Die „Woche gegen Rechts – Für Demokratie“ bietet die Gelegenheit, sich zu informieren, mit anderen zu diskutieren und sich jetzt und in Zukunft deutlich gegen Rassismus und gegen Neonazis zu positionieren.

Auch in anderen Gesellschaften Europas droht das gesellschaftliche Klima sich deutlich nach rechts zu verschieben. Es gibt aber auch Anlass zur Hoffnung und Perspektiven, diesen Trend umzukehren. Zivilcourage an vielen Orten gehört dazu. Eine soziale Stadt, die nicht wegschaut. Gelebte Solidarität mit den Schwächeren. Ehrenamtliches Engagement für unsere neuen Mitbürgerinnen und Mitbürger. Weltoffenheit und Toleranz. Und auch diese „Woche gegen Rechts – Für Demokratie“ stellt für mich solch eine Perspektive dar.

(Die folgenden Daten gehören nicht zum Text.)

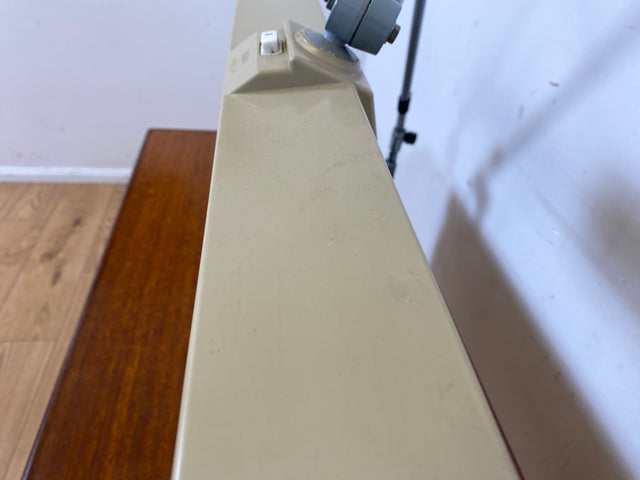 Kultige vollfunktionsfähige DDR Industrie Tischleuchte ILBA mit Gelenkarm I Lampe Leuchte Architektenlampe Schreibtischlampe Arbeitsleuchte Vintage Retro Werkstatt Ostalgie Design I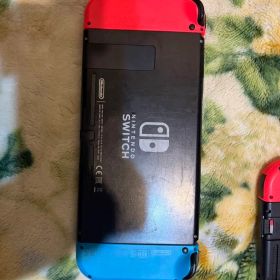 Nintendo Switch 本体 赤/青 ブルースクリーン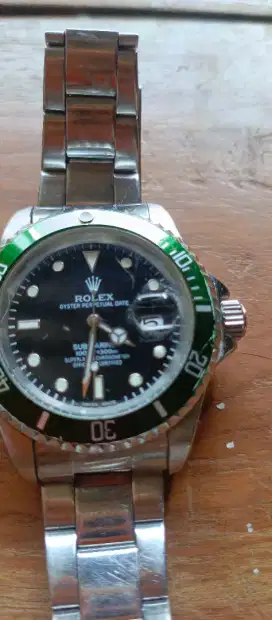 Jam automatic Submarine dan Milgauss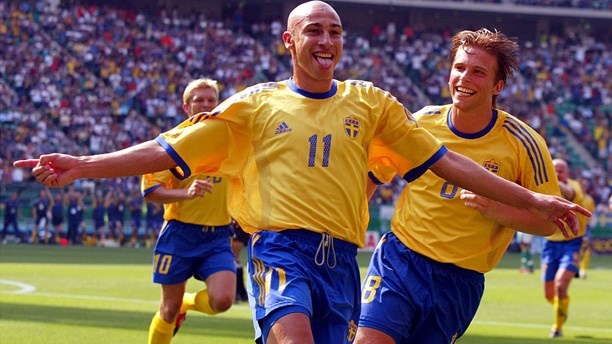 Larsson celebra un gol en el Mundial de 2002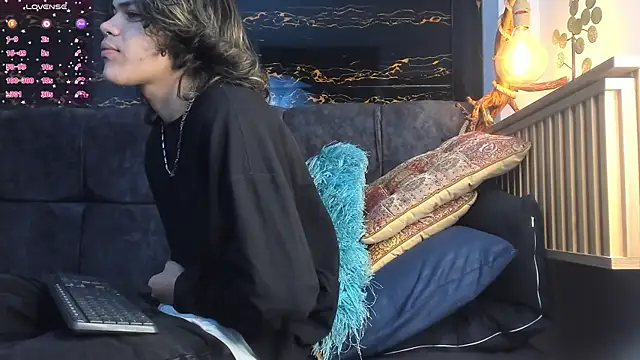 Diamond twink online show from 11/27/25, 04:36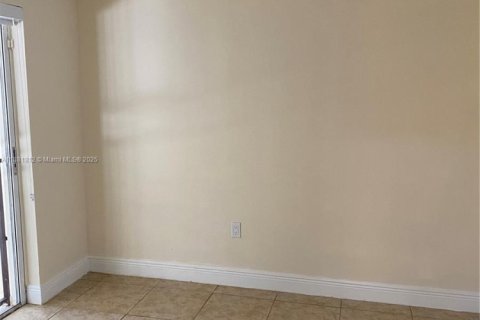 House in Hialeah, Florida 4 bedrooms, 138.61 sq.m. № 1929359 - photo 9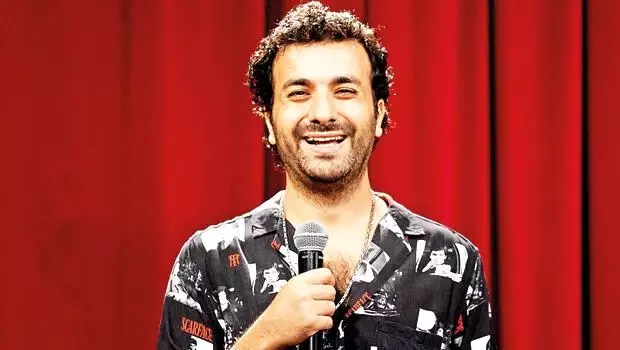 Hasan Can Kaya: İnsanları güldürünce fırça yerdim! Hasan Can Kaya: İnsanları güldürünce fırça yerdim!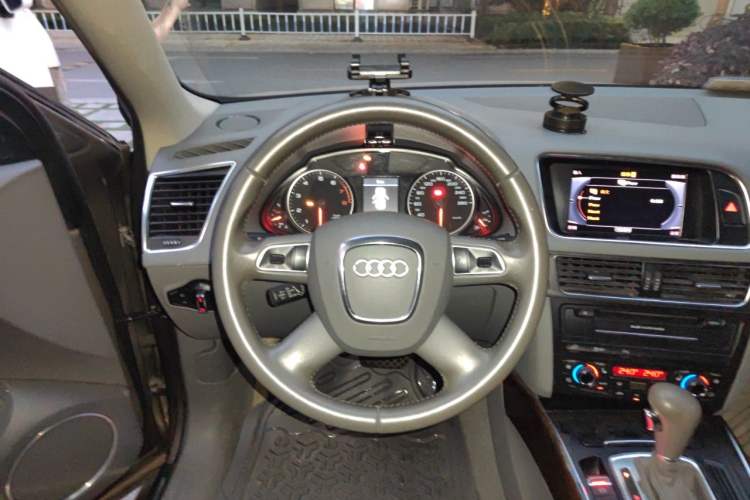 Used Audi Q5 2012 2.0TFSI Comfort Version Steering Wheel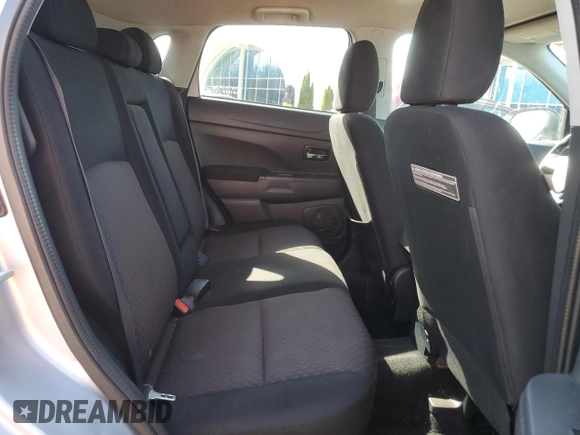 2017 Mitsubishi Outlander ES z VIN JA4AR3AU9HZ007138, wystawiony jako Copart lot #53781645 z przebiegiem 108 822 mil mil oraz Szkoda całkowita • Salvage title. Historia ofert i sprzedaży dostępna na DreamBid. Obrazek 11.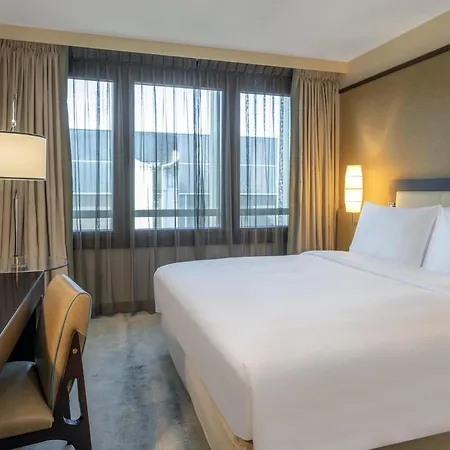 Hilton Geneva Hotel And Conference Centre-2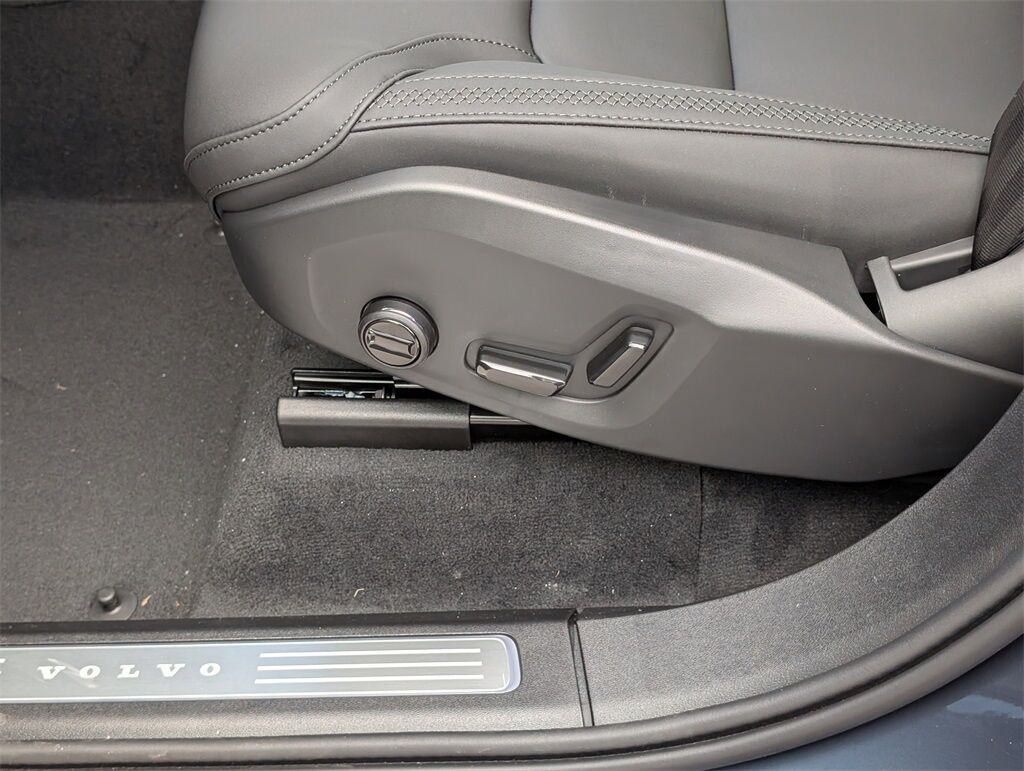 2026 Volvo XC90 Plug-In Hybrid T8 Plus Hunt Valley MD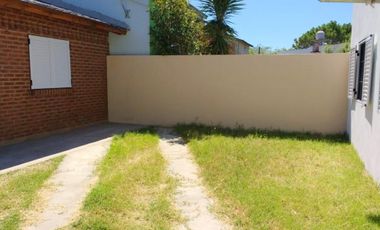 CHALET CON CAPACIDAD PARA 4 PERSONAS A DOS CUADRAS DEL MAR
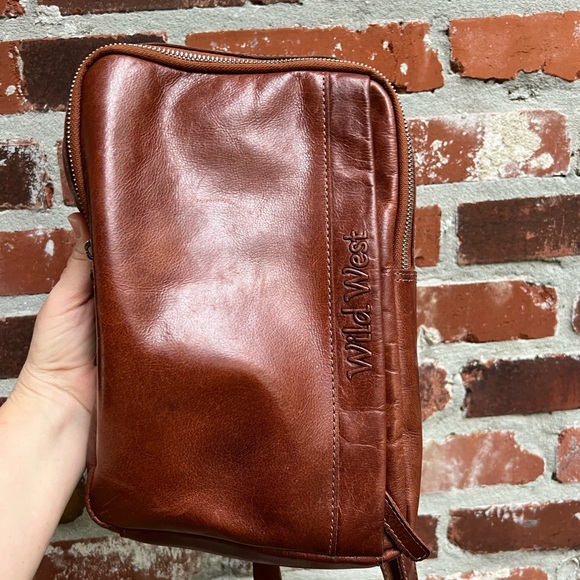 Wild West Brown Leather SlingBag - Picture 2 of 12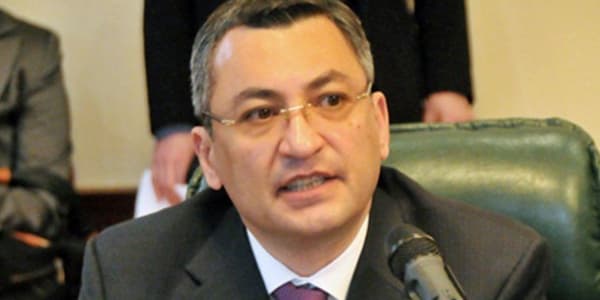 "Qaçqınkom"un yeni sədrindən unikal addım: İş günlərinin sayını azaltdı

Es liegt an uns selbst, dass ihre Wirkung über die eigentliche Aktionswoche hinausreicht und eine langfristige Zusammenarbeit gegen Rassismus und Rechtsextremismus und für Demokratie entsteht.

Ich sage ein herzliches Dankeschön allen Beteiligten an der „Woche gegen Rechts – Für Demokratie“. Ihr Engagement stellt einen unverzichtbaren Beitrag im Kampf gegen Rechtspopulismus und Rechtsextremismus dar, gegen Rassismus und Hasstiraden auf Migranten und Flüchtlinge.

Ja, diese „Woche gegen Rechts – Für Demokratie“ ist ganz bewusst eine parteiische Aktionswoche.

Sie ergreift Partei für Demokratie, für Menschenrechte.

Sie ergreift Partei für eine richtig verstandene deutsche Leitkultur im Sinne der Menschenrechtsartikel unserer Verfassung: tolerant und weltoffen, solidarisch und demokratisch.

Sie ergreift Partei gegen dumpfen nationalistischen Populismus, Rassismus und Rechtsextremismus.

Denn Fremdenfeindlichkeit, Rassismus, Antisemitismus, Antiislamismus und Extremismus haben in unserer Stadt und unserer Gesellschaft nichts zu suchen!

Ihnen wünsche ich viele erkenntnisreiche Gespräche beim weiteren Programm auf diesem Platz und bei den kommenden Veranstaltungen im Rahmen der „Woche gegen Rechts – Für Demokratie“.